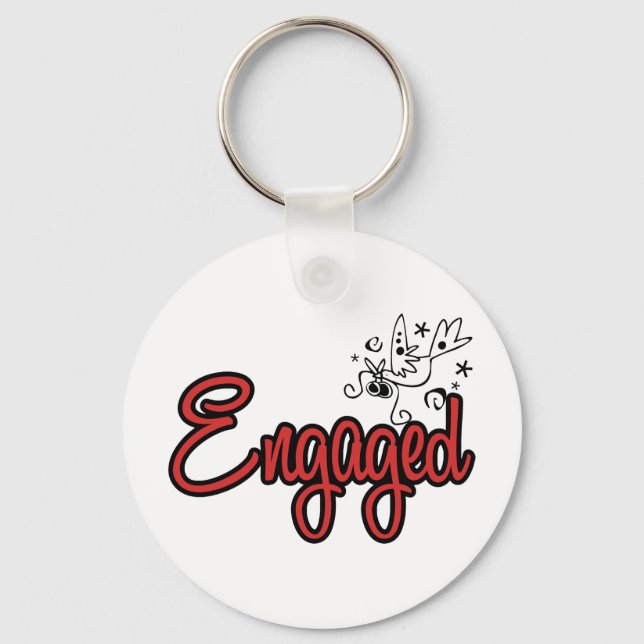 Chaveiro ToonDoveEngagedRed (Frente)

--

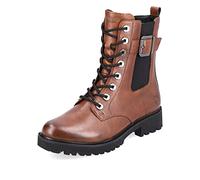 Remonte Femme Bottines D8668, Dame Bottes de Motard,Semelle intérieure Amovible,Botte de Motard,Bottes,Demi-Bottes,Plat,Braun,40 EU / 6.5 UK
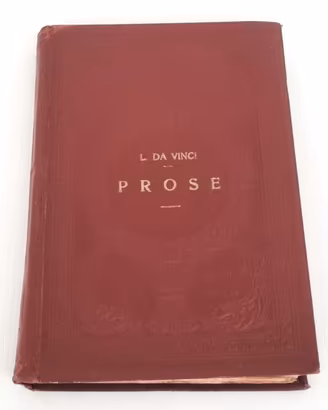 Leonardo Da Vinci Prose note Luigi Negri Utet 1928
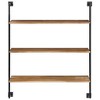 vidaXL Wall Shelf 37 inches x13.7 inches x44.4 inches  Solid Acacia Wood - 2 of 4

**Description of the task:** Copy word for word the lines above, starting at the line containing "Remonte Femme Bottines" and ending at the line containing "vidaXL Wall Shelf", inclusive, with no pictures.

**Task solution:**
 Remonte Femme Bottines D8668, Dame Bottes de Motard,Semelle intérieure Amovible,Botte de Motard,Bottes,Demi-Bottes,Plat,Braun,40 EU / 6.5 UK
 Leonardo Da Vinci Prose note Luigi Negri Utet 1928
 vidaXL Wall Shelf 37 inches x13.7 inches x44.4 inches  Solid Acacia Wood - 2 of 4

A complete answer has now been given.